Google CEO Sundar Pichai was recently in Nigeria where he promised to roll out plans to train 10-million people for digital jobs in Africa, Mark Zuckerberg also visited in 2016 where he met with several digital entrepreneurs.
Suddenly, the eyes of the world top digital giants are on Nigeria.
The sudden interest of these global internet giants in Africa and in Nigeria, in particular, was not by accident, there was a reason for it. Nigeria digital presence has grown in leaps and bounds, and it did so at a very steep rate over the last 10 years. This has improved or given birth to several online businesses, from Etranzact, Speedcast, Konga, Yudala to Andela and then brought the likes of Uber that rely on reliable internet connectivity without which there is no business.
Thanks to Funke Opeke, the CEO and Founder of Mainone.
The Main One cable was West Africa’s first privately owned, open access submarine high capacity cable, which was completed in time and on budget. Funke Okpeke declares in an interview in 2012 with Isabelle Paradis.
A graduate of electrical engineering from the Obafemi University and an Alumni of Columbia University, New York where she did her Masters Degree in the same subject, Funke Opeke is someone that can be described as a veteran of digital and information technology business, having had a successful career that lasted twenty years in the industry in the US.
She rose to the position of Executive Director with the Wholesale division of Verizon Communications in New York and was involved in a start-up company in California called Sendmail at the onset of digital business revolution in silicon valley.
Sendmail is a general purpose internetwork email routing facility that supports many kinds of mail-transfer and delivery methods, including the Simple Mail Transfer Protocol (SMTP) used for email transport over the Internet.
THE BIG AND THE CRAZY LEAP:
The big leap:
Moving back to Nigeria from a cushy job as the executive director at Verizon to becoming the chief technical officer with MTN.

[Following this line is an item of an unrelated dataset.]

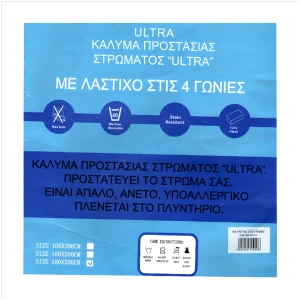 Mattress cover extra double 180x200 Sidi Home Ultra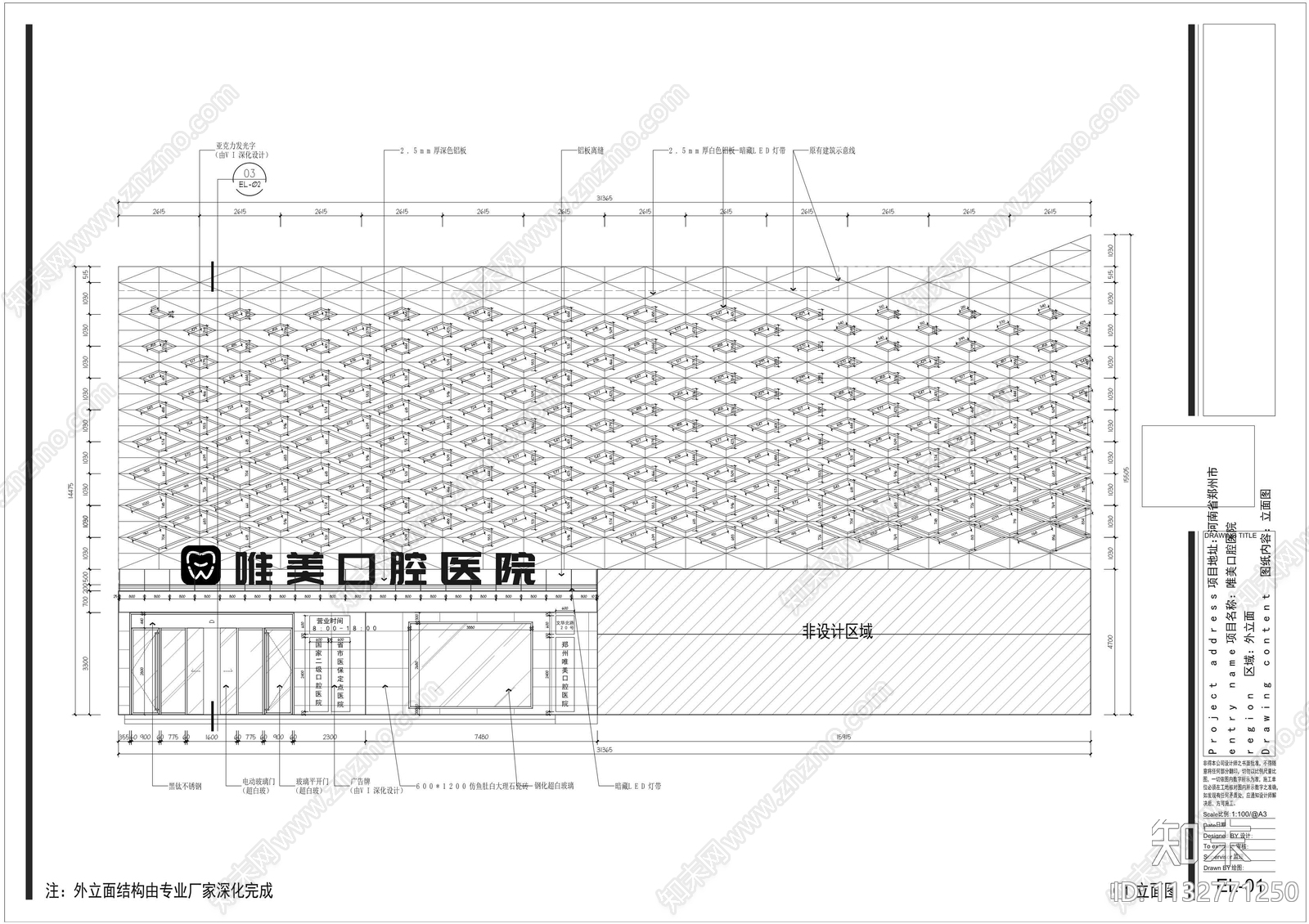 唯美口腔医院施工图下载【ID:1132771250】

It can be argued that the role of a Chief Technical Officer with MTN was also a cushy job as well, so no big deal, but the terrain is different. having worked for 20 years in the United State and then moving to Nigeria in 2005 that was at that time, just six years into its young democracy from long and sometimes brutal rule under military dictatorship makes it a remarkable switch.
Funke Opeke moved to NITEL from MTN with the persuasion of Fola Adeola, the founder of GT Bank to oversee the acquisition of NITEL by Transcorp. She had a dream to make NITEL a national treasure and the vehicle to transform the way business and life, in general, was carried out.
Fola Adeola left NITEL frustrated, according to Aljazeera, but he left Funke Opeke with his word.
‘Funke, the moment this job is not fulfilling for you anymore, if there is anything you want me to help you with, you know where to find me,” Adeola says.
The crazy leap:
Funke Opeke dreams up Mainone as a result of the frustration brought on by bureaucracy at NITEL, even though she rose to the position of Chief Operating Officer of the organisation.
Like every highly successful entrepreneur we know or have read about, they almost all have one thing in common; ability to see beyond the present time or ability to identify opportunities where others cannot or are convinced it is not achievable.
Funke has this quality, and also the craziness to see not only the opportunity but to believe that she can ride the wave of all the challenges business environment poses in Nigeria.
In Nigeria, in 2008, she came up with the idea of raising a whopping $240m aimed at running a submarine fibre optic cable from Portugal to Nigeria, even Fola Adeola who gave her his word to come find him if she needs help think it was a crazy idea! He was reported to have said this is the type of project normally done abroad or by the big companies!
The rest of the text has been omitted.